Figure 2. Active/Standby Failover and VSS/vPC

Link Aggregation Control Protocol

The Link Aggregation Control Protocol (LACP) aggregates interfaces by exchanging the Link Aggregation Control Protocol Data Units (LACPDUs) between two network devices.

You can configure each physical interface in an EtherChannel to be:

  • Active—Sends and receives LACP updates. An active EtherChannel can establish connectivity with either an active or a passive EtherChannel. You should use the active mode unless you need to minimize the amount of LACP traffic.

  • Passive—Receives LACP updates. A passive EtherChannel can only establish connectivity with an active EtherChannel. Not supported on Firepower hardware models.

  • On—The EtherChannel is always on, and LACP is not used. An “on” EtherChannel can only establish a connection with another “on” EtherChannel. Not supported on Firepower hardware models.

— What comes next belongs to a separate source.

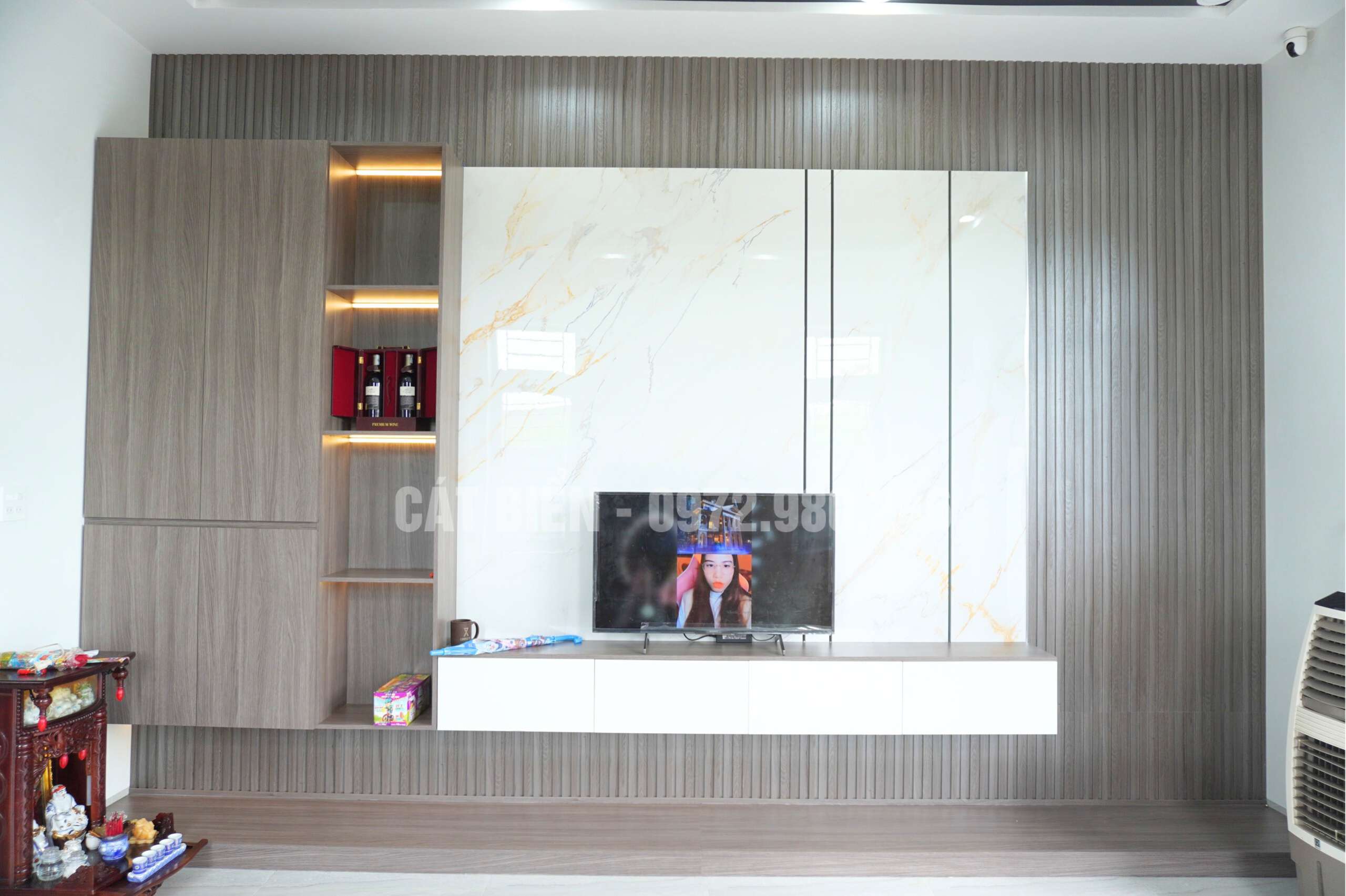Nội Thất Phòng Khách Anh Lực Rạch Giá NTPK-106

LACP coordinates the automatic addition and deletion of links to the EtherChannel without user intervention. It also handles misconfigurations and checks that both ends of member interfaces are connected to the correct channel group. “On” mode cannot use standby interfaces in the channel group when an interface goes down, and the connectivity and configurations are not checked.

Load Balancing

The ASA distributes packets to the interfaces in the EtherChannel by hashing the source and destination IP address of the packet (this criteria is configurable). The resulting hash is divided by the number of active links in a modulo operation where the resulting remainder determines which interface owns the flow. All packets with a hash_value mod active_links result of 0 go to the first interface in the EtherChannel, packets with a result of 1 go to the second interface, packets with a result of 2 go to the third interface, and so on. For example, if you have 15 active links, then the modulo operation provides values from 0 to 14. For 6 active links, the values are 0 to 5, and so on.

For a spanned EtherChannel in clustering, load balancing occurs on a per ASA basis. For example, if you have 32 active interfaces in the spanned EtherChannel across 8 ASAs, with 4 interfaces per ASA in the EtherChannel, then load balancing only occurs across the 4 interfaces on the ASA.

If an active interface goes down and is not replaced by a standby interface, then traffic is rebalanced between the remaining links. The failure is masked from both Spanning Tree at Layer 2 and the routing table at Layer 3, so the switchover is transparent to other network devices.

EtherChannel MAC Address

All interfaces that are part of the channel group share the same MAC address. This feature makes the EtherChannel transparent to network applications and users, because they only see the one logical connection; they have no knowledge of the individual links.

The port-channel interface uses the lowest numbered channel group interface MAC address as the port-channel MAC address. Alternatively you can manually configure a MAC address for the port-channel interface. In multiple context mode, you can automatically assign unique MAC addresses to shared interfaces, including an EtherChannel port interface. We recommend manually, or in multiple context mode for shared interfaces, automatically configuring a unique MAC address in case the group channel interface membership changes. If you remove the interface that was providing the port-channel MAC address, then the port-channel MAC address changes to the next lowest numbered interface, thus causing traffic disruption.

Guidelines for EtherChannels and Redundant Interfaces

Failover

  • When you use a redundant or EtherChannel interface as a Failover link, it must be pre-configured on both units in the Failover pair; you cannot configure it on the primary unit and expect it to replicate to the secondary unit because the Failover link itself is required for replication.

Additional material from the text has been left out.